▶ _DIRECTIONS_:
Return, word for word, the lines of the listing below from the one with "Hello, in this" through the one with "As you can see", and no other lines.

▶ _SUPPLIED MATERIAL_:
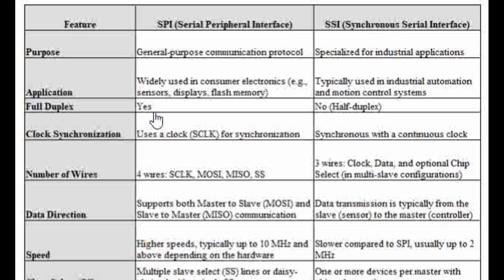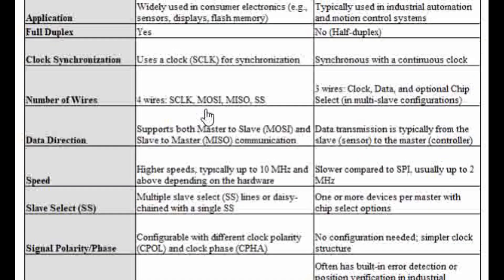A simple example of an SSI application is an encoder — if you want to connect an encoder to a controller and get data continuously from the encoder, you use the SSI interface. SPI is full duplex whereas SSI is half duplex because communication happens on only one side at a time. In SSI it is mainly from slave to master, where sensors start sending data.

--

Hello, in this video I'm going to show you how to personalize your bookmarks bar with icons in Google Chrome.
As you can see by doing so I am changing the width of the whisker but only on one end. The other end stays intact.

==

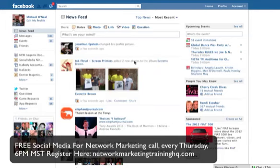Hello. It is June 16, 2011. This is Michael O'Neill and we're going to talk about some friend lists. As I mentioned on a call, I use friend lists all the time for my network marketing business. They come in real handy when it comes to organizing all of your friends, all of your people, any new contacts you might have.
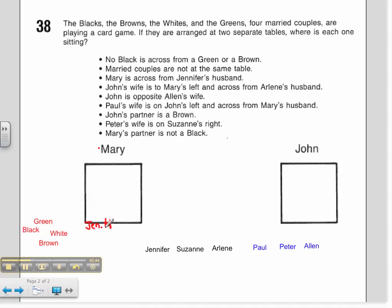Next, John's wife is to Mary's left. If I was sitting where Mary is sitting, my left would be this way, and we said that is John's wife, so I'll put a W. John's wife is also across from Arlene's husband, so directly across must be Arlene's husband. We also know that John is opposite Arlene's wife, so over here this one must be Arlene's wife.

▶ _WRITTEN RESPONSE_:
Hello, in this video I'm going to show you how to personalize your bookmarks bar with icons in Google Chrome.
As you can see by doing so I am changing the width of the whisker but only on one end. The other end stays intact.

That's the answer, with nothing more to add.